Task item
Please reproduce all of the data below exactly, leaving each picture out.

Captioned web image data
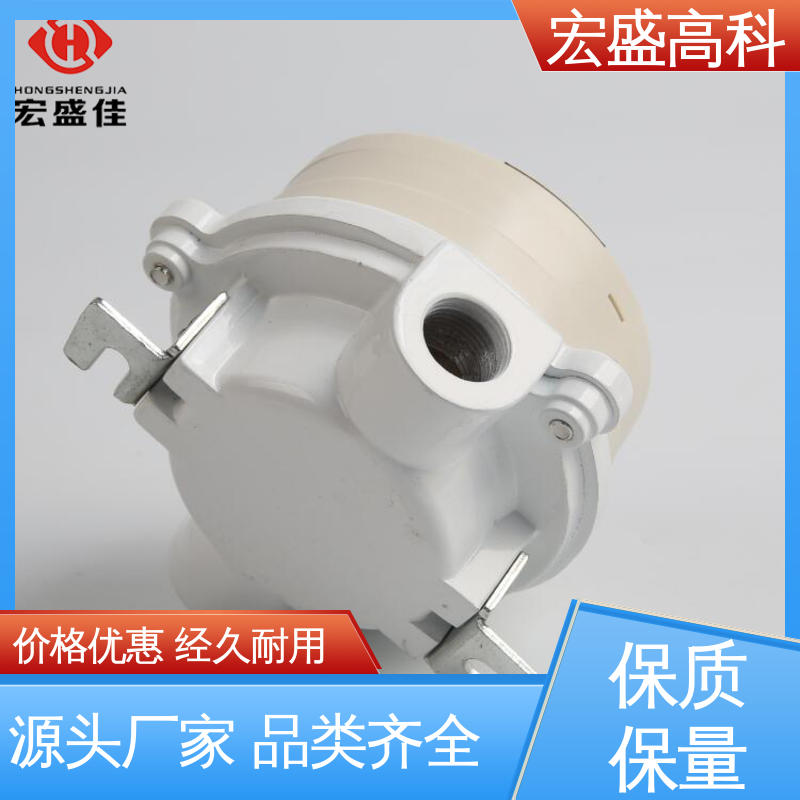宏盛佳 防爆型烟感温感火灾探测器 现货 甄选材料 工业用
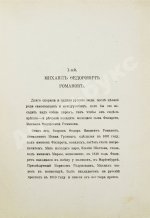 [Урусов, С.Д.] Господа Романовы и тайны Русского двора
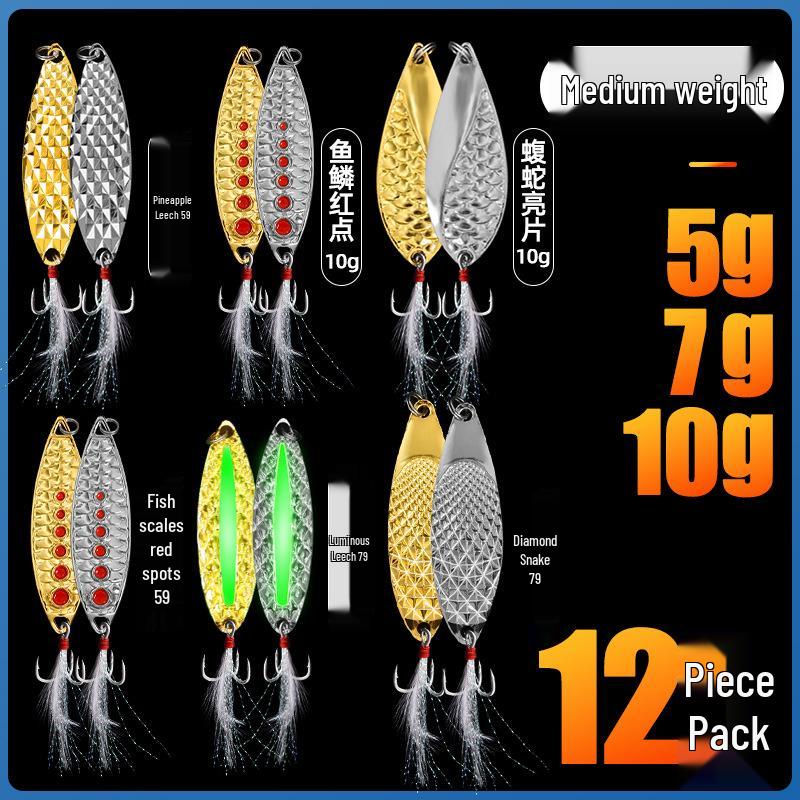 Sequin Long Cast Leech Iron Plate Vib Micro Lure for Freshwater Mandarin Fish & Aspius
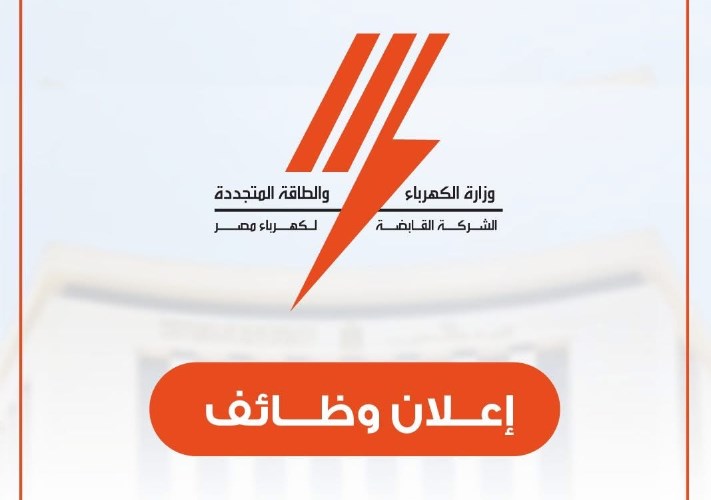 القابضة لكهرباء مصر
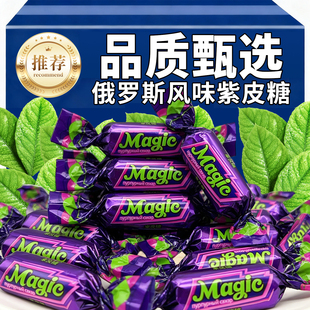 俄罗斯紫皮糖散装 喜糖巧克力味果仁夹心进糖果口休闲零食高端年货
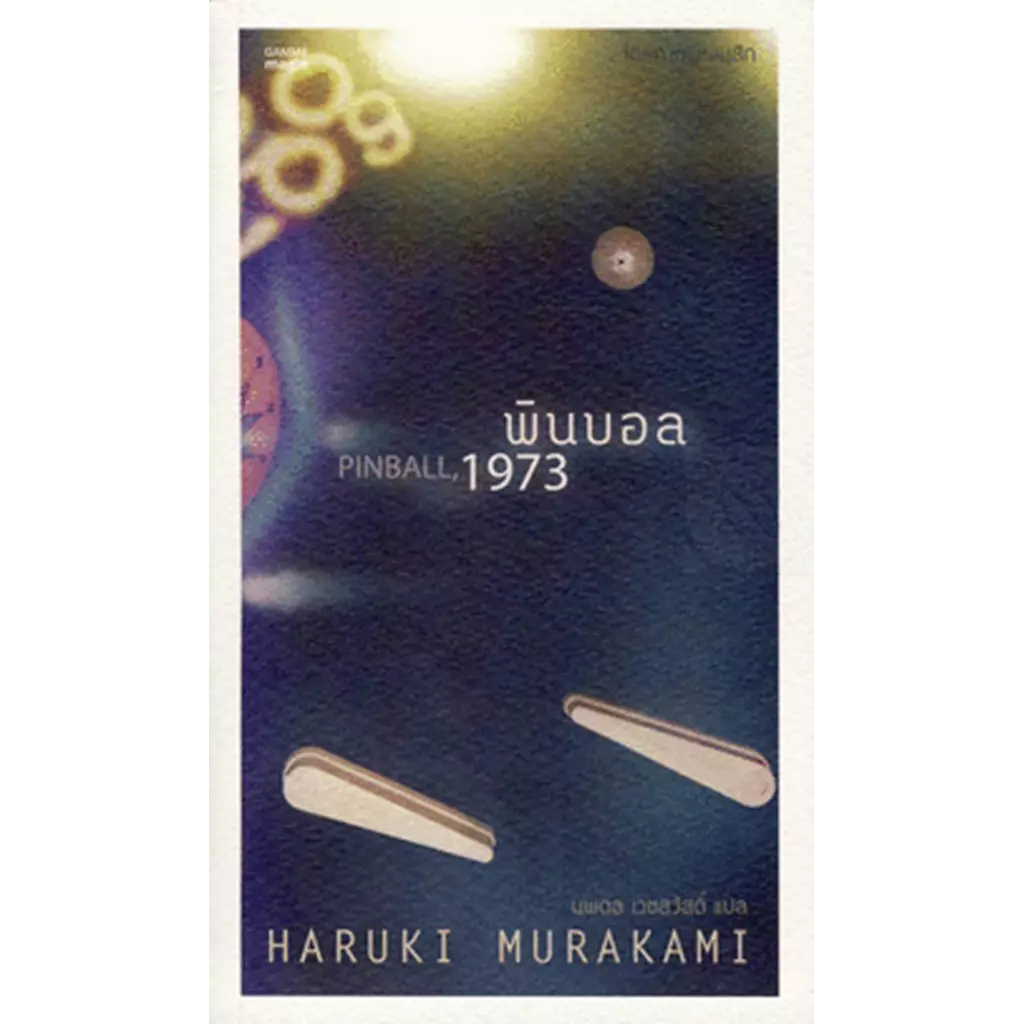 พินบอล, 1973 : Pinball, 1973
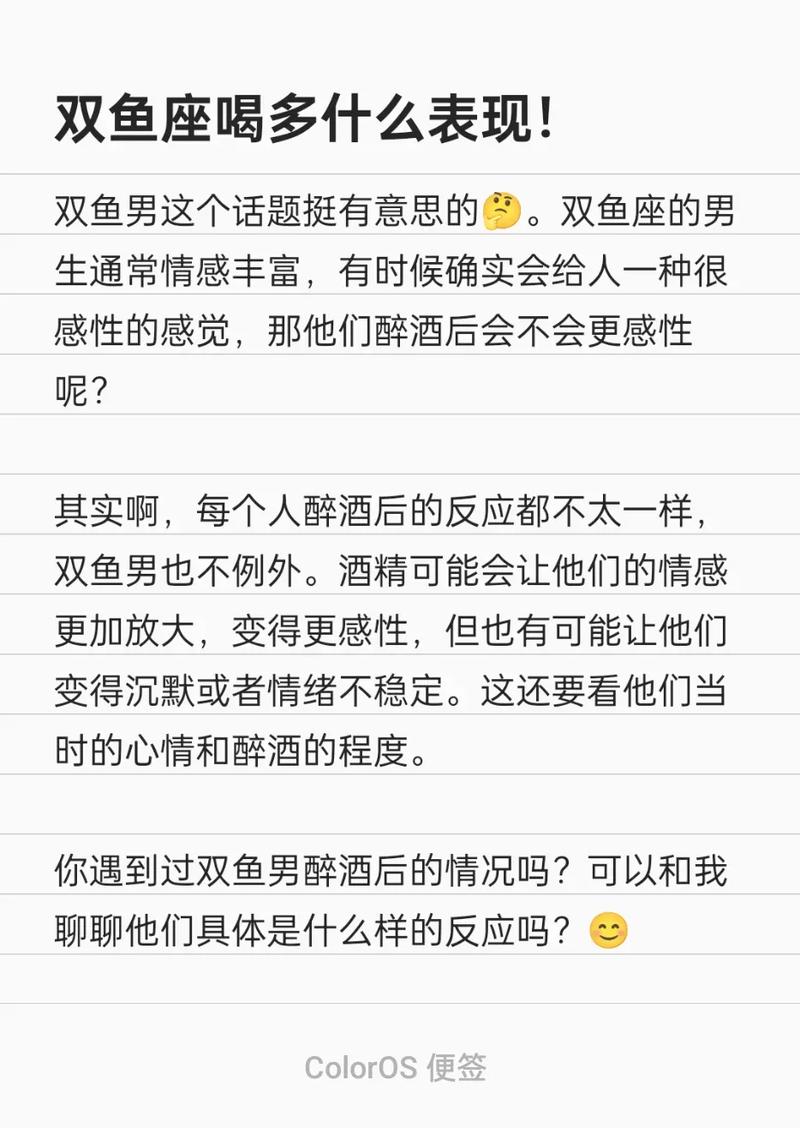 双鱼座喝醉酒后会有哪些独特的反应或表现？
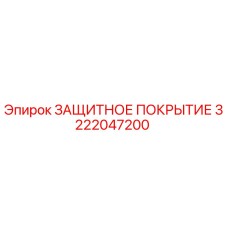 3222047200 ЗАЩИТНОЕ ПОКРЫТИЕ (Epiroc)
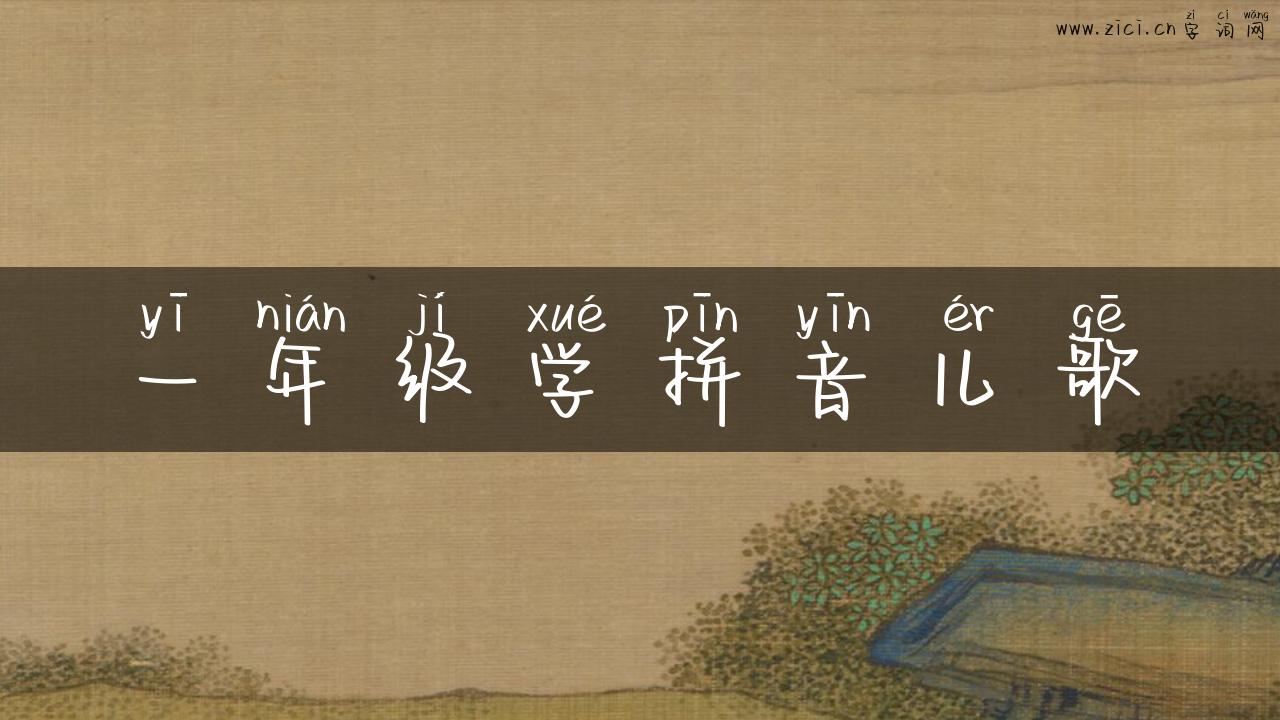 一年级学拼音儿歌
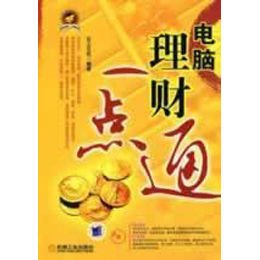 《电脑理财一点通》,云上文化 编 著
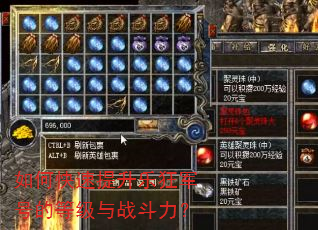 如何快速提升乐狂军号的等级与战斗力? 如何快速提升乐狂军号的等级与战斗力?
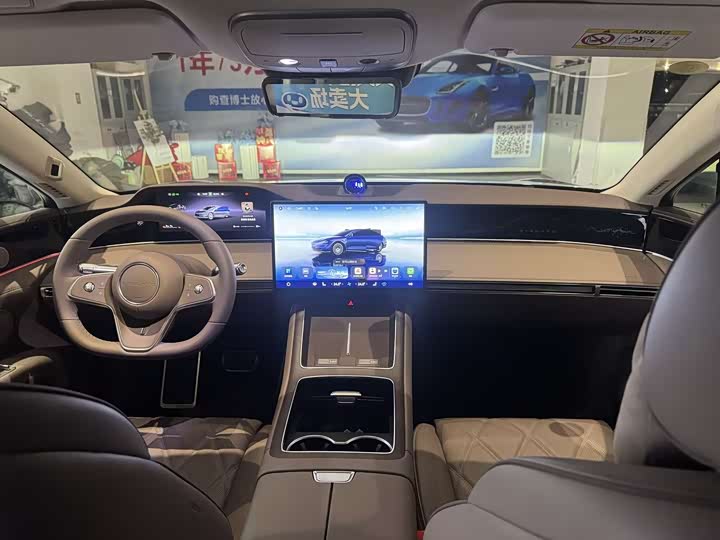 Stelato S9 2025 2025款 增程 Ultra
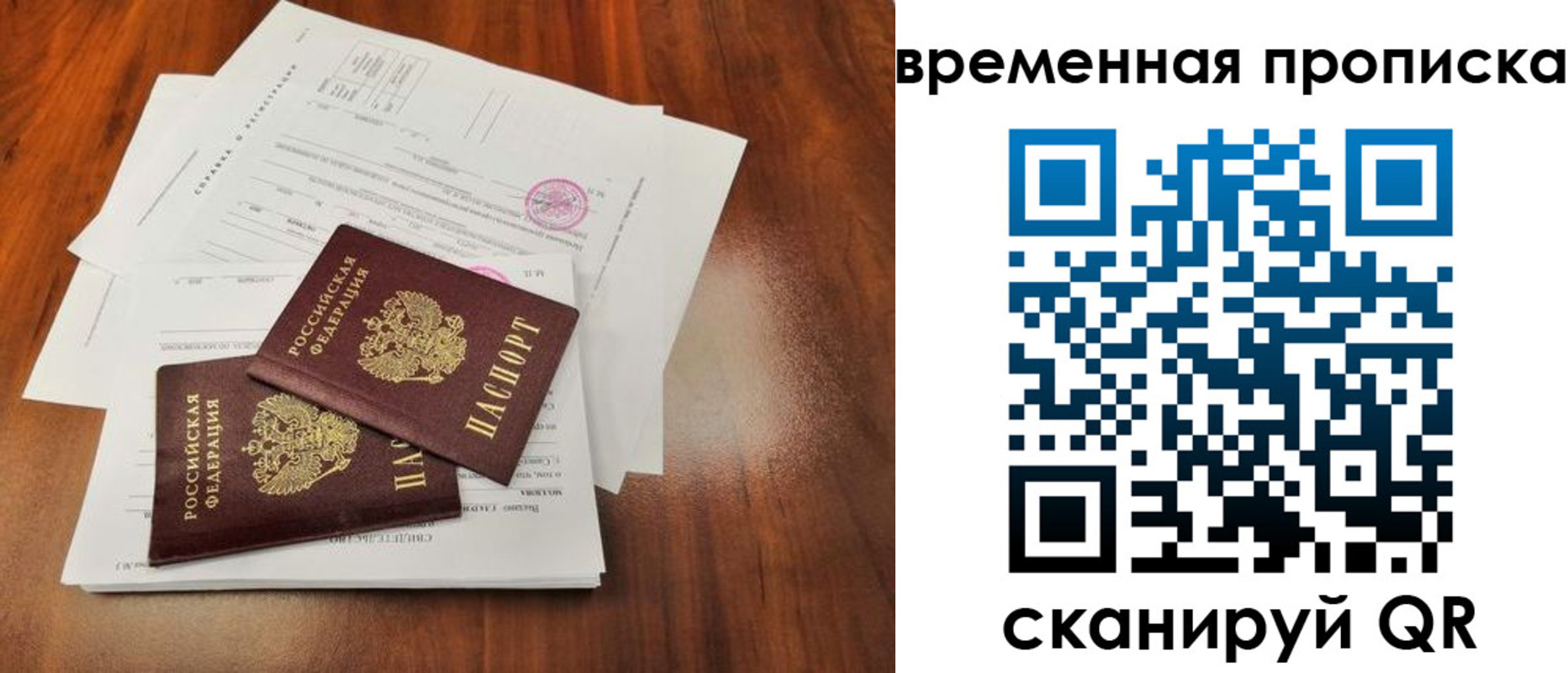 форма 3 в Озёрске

Response to the exercise
宏盛佳 防爆型烟感温感火灾探测器 现货 甄选材料 工业用
 [Урусов, С.Д.] Господа Романовы и тайны Русского двора
 Sequin Long Cast Leech Iron Plate Vib Micro Lure for Freshwater Mandarin Fish & Aspius
 القابضة لكهرباء مصر
 俄罗斯紫皮糖散装 喜糖巧克力味果仁夹心进糖果口休闲零食高端年货
 พินบอล, 1973 : Pinball, 1973
 双鱼座喝醉酒后会有哪些独特的反应或表现？
 3222047200 ЗАЩИТНОЕ ПОКРЫТИЕ (Epiroc)
 一年级学拼音儿歌
 《电脑理财一点通》,云上文化 编 著
 如何快速提升乐狂军号的等级与战斗力? 如何快速提升乐狂军号的等级与战斗力?
 Stelato S9 2025 2025款 增程 Ultra
 форма 3 в Озёрске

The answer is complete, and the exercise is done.